Brian Sims of HipHopDX was more critical in his review: "hypnotic, even if the flow is not" and "nothing fancy, just bar after monotonous bar." Tom Breihan of Pitchfork also had negative feedback: "just a clicking drumbeat, a maddeningly repetitive synth line, and a swaggery brag-rap."

In year-end lists, Rolling Stone ranked "It's Goin' Down" no. 79 in its year-end "100 Best Songs of the Year" list in 2006 for showing "the power of a pure, synthy snap beat and a singsongy rhyme." The January 2007 issue of Vibe ranked the song 15th in its "60 Songs of '06" list.

"It's Goin' Down" was a nominee for the Grammy Award for Best Rap Song in 2007, which went to "Money Maker" by Ludacris featuring Pharrell. However, it won the Hip-Hop Track of the Year award at the BET Awards 2006.

==Remixes==
Five remixes were made for this song: the official remix features Rick Ross, Slim Thug, and Jody Breeze; one adds a verse by Cam'ron to the official remix; one features Trae; the last features Lil Wayne, Rick Ross and Currency.

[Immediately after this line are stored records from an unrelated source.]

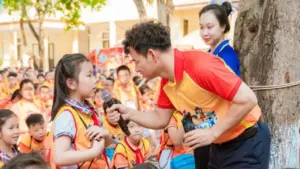 Nghệ sĩ nhân dân Xuân Bắc giao lưu cùng thiếu nhi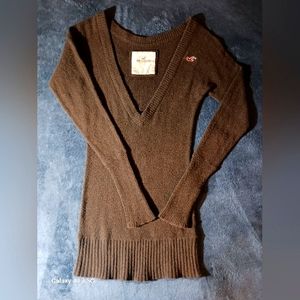 Hollister California 1922 Pacific Merchants Low Cut Sweater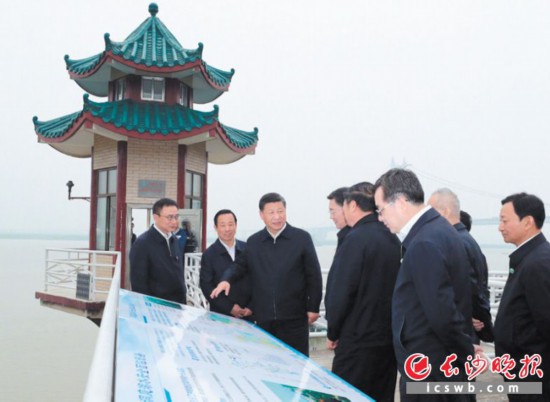 ����2018��4��25�����磬ϰ��ƽ������������ˮ��վ���졣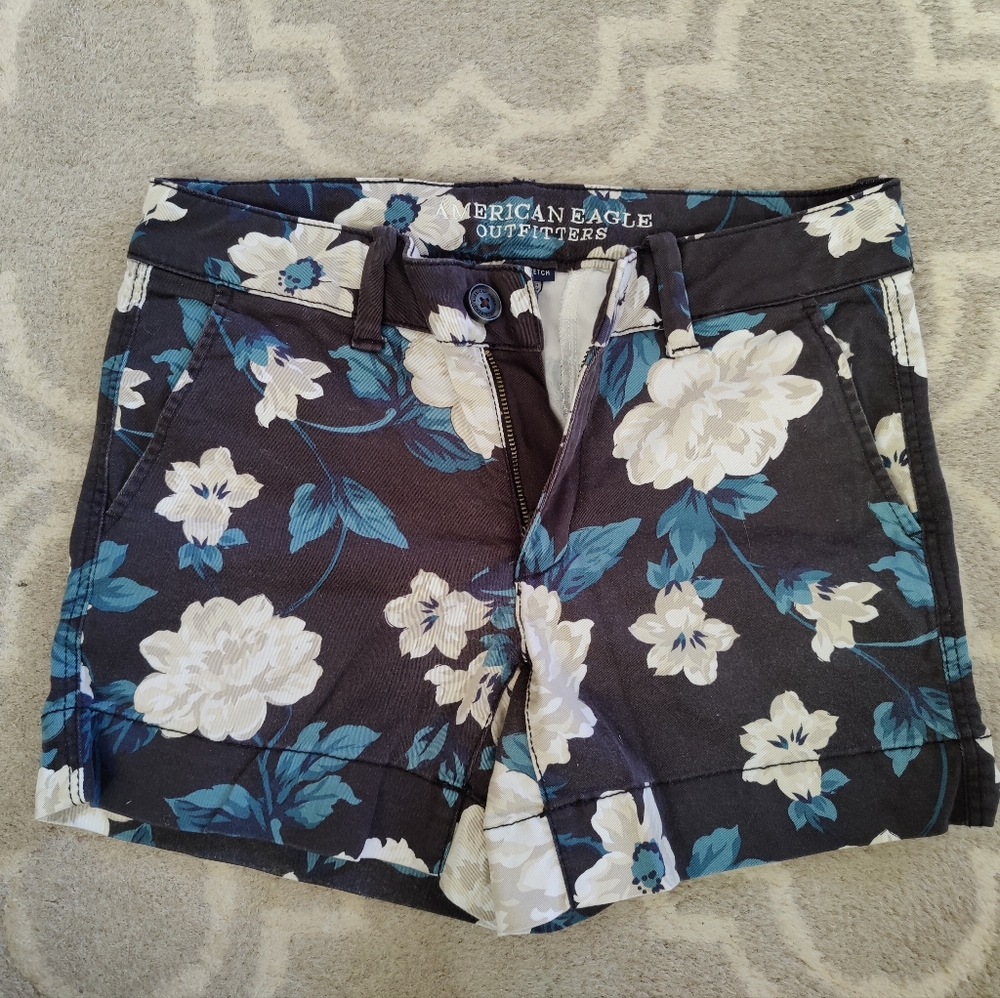 American Eagle Floral Midi Trouser Shorts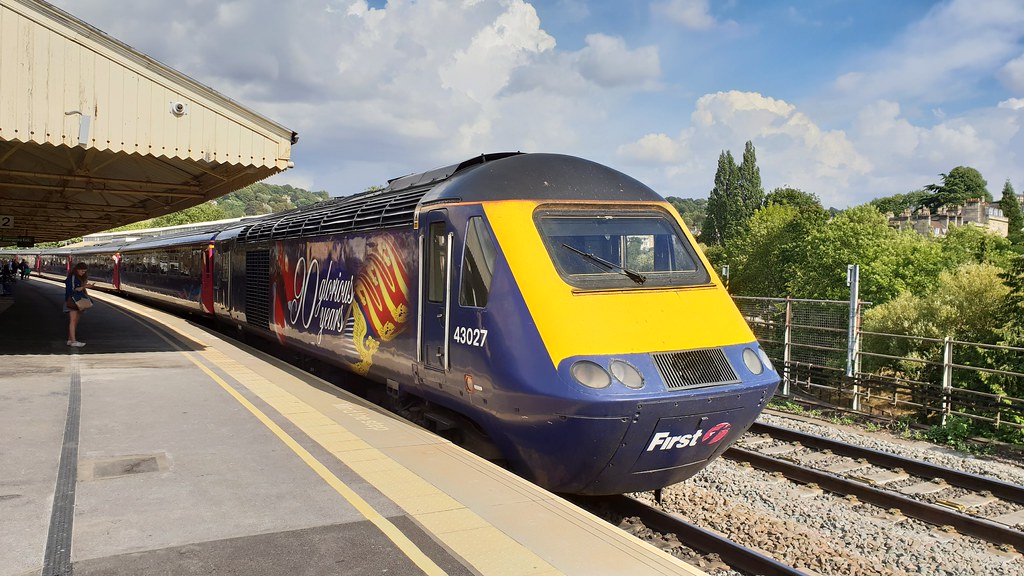 First Great Western 43027 ( with 43015) 1A89 1533 Taunton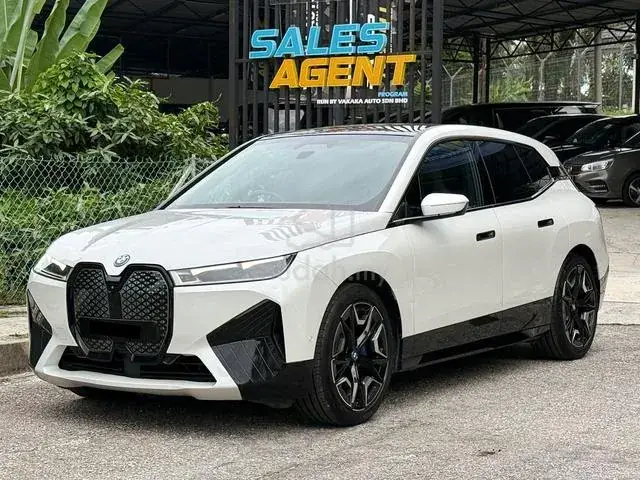 BMW Ix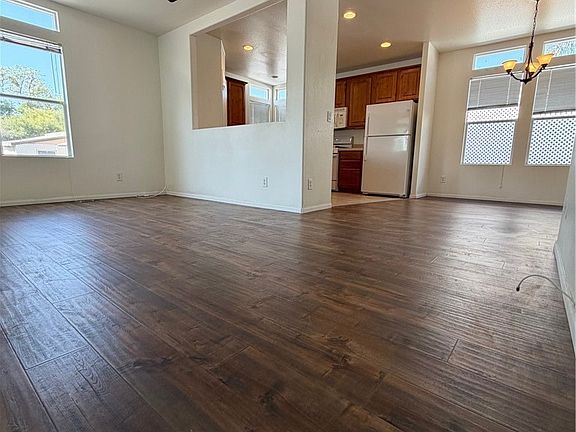 4th image of 4 Katy Ln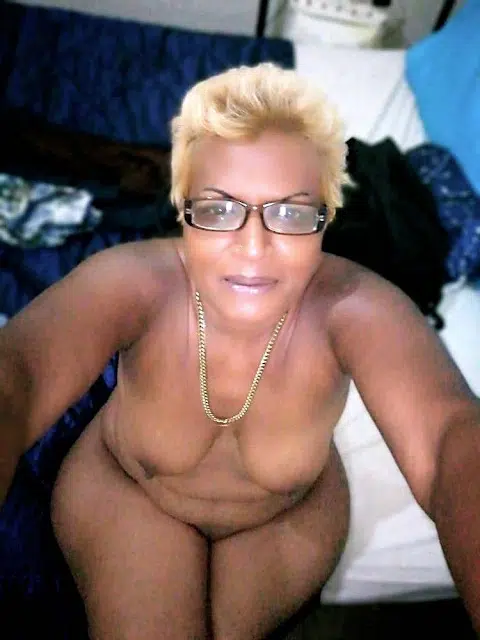 Einsame Granny sucht Kontakt für ein privates Sexdate einsame granny sucht kontakt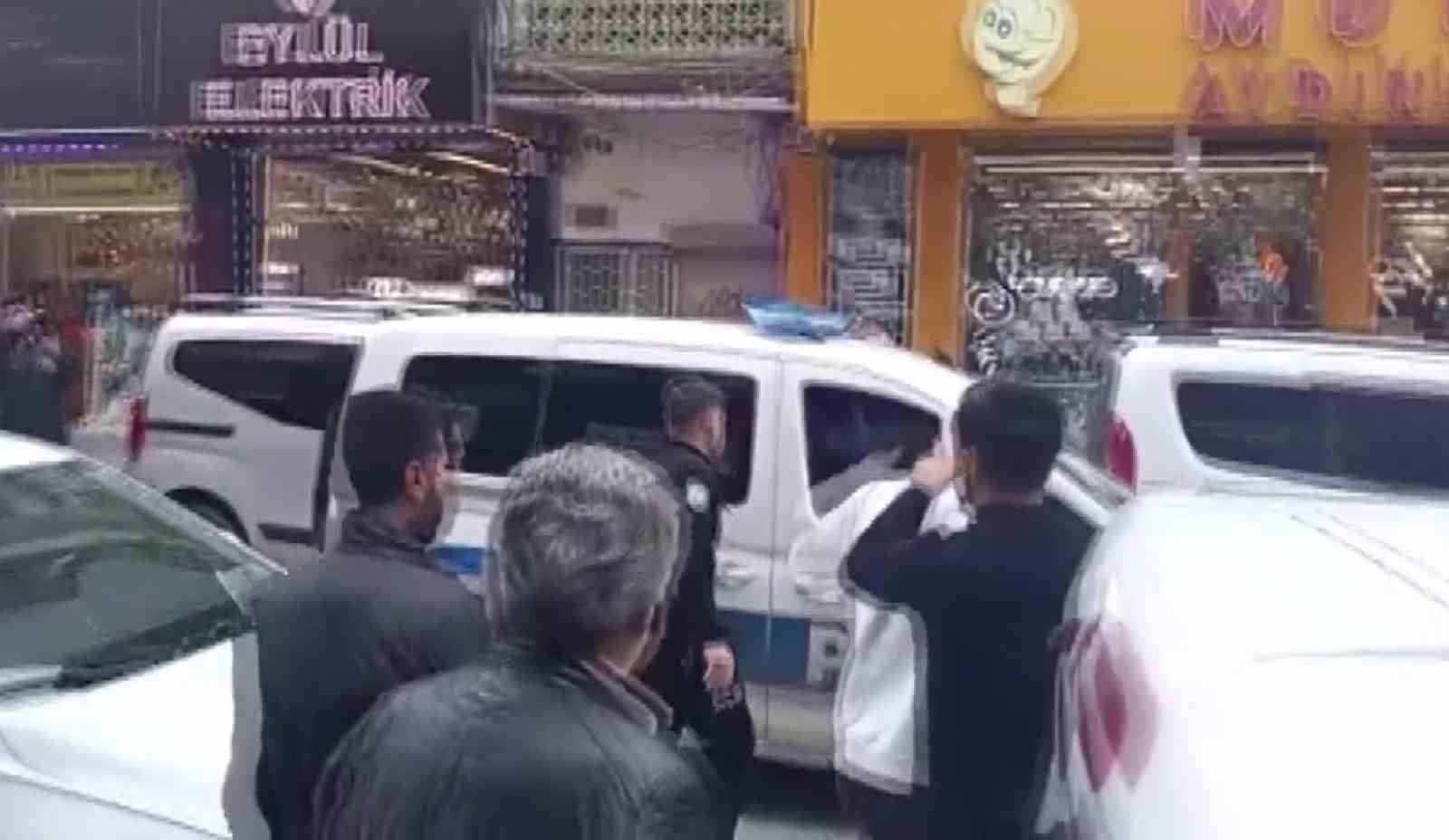 Adana'da DEM Parti il binası önünde zafer işareti gerginliği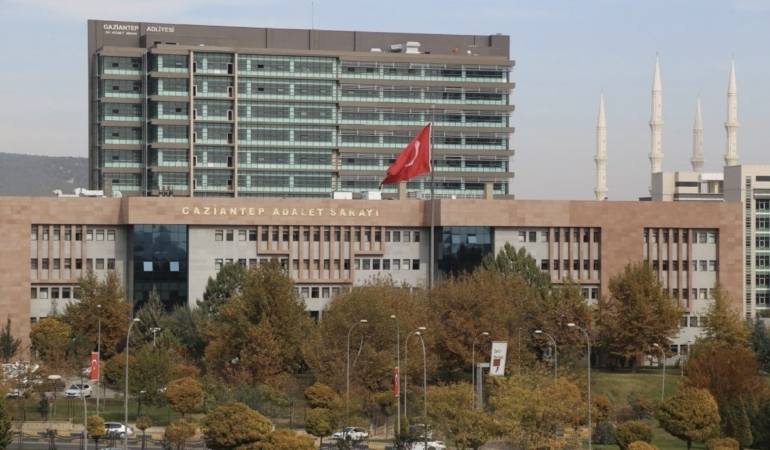 gaziantepte-17-bicak-darbesiyle-oldurulen-mustafa-yildiz-davasinda-sok-karar-h1HzcwuJ.jpg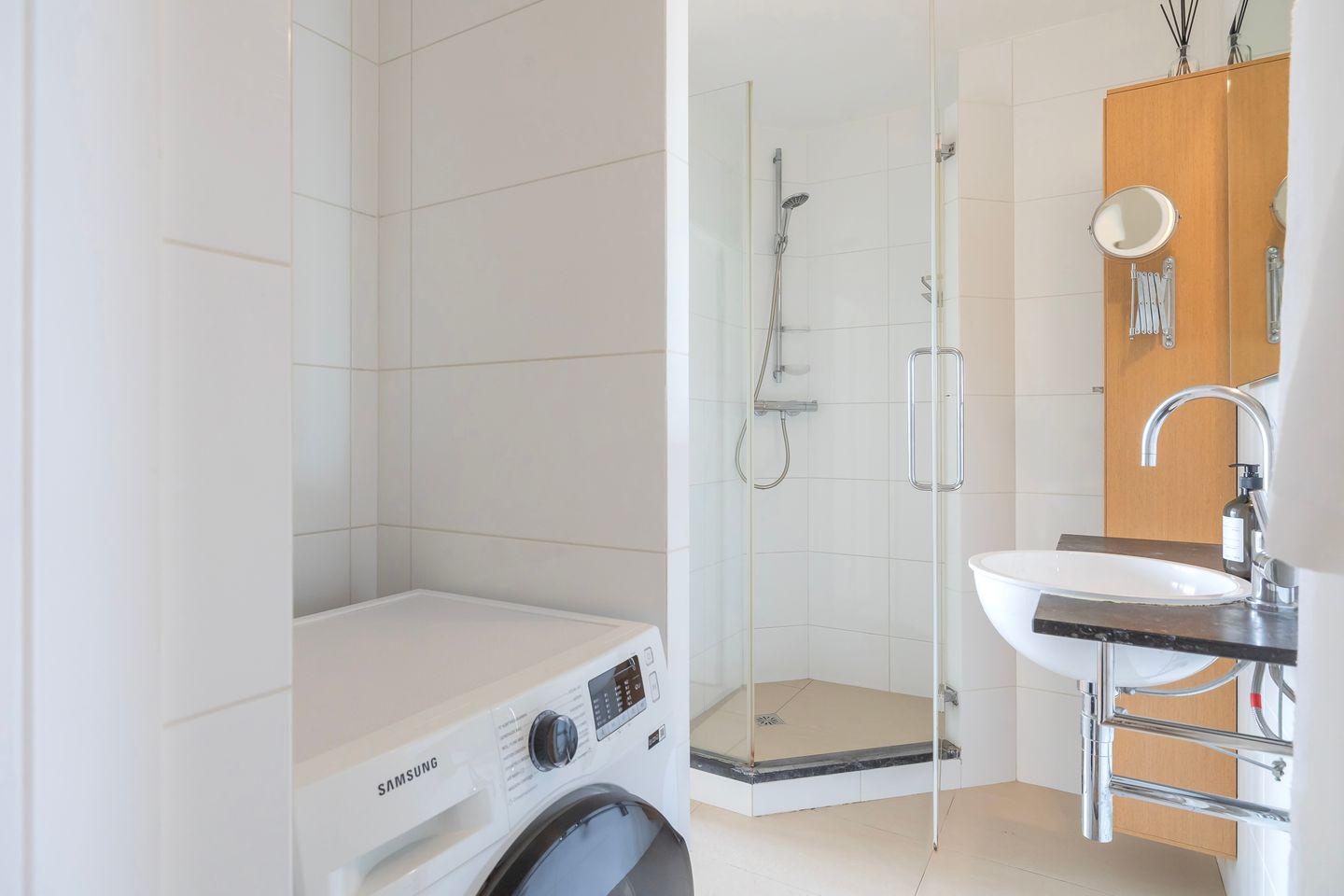 Light and well laid out 3-room apartment with water view in Oud-West — 33
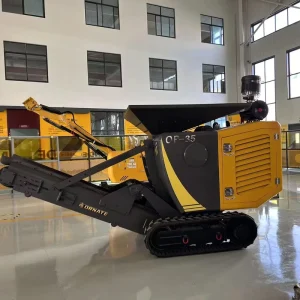 Low Noise Mobile Crusher Stable Operation Rock Crushing Equipment Max.60t/h Capacity 4200KG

Rapper Lydell Lucky made a remix to the song as well, which features Paul Wall, Trae and others.

==Charts==

===Weekly charts===

| Chart (2006) | Peak position |
|---|---|
| UK Hip Hop/R&B (OCC) | 24 |
| UK Singles (OCC) | 191 |
| US Billboard Hot 100 | 3 |
| US Hot R&B/Hip-Hop Songs (Billboard) | 1 |
| US Hot Rap Songs (Billboard) | 1 |
| US Pop Airplay (Billboard) | 20 |
| US Pop 100 (Billboard) | 8 |
| US Rhythmic Airplay (Billboard) | 1 |

===Year-end charts===

| Chart (2006) | Position |
|---|---|
| US Billboard Hot 100 | 18 |
| US Hot R&B/Hip-Hop Songs (Billboard) | 4 |
| US Rhythmic (Billboard) | 6 |

==Certifications==

| Region | Certification | Certified units/sales |
| United States (RIAA) | 3× Platinum | 3,000,000^{^} |
^{^} Shipments figures based on certification alone.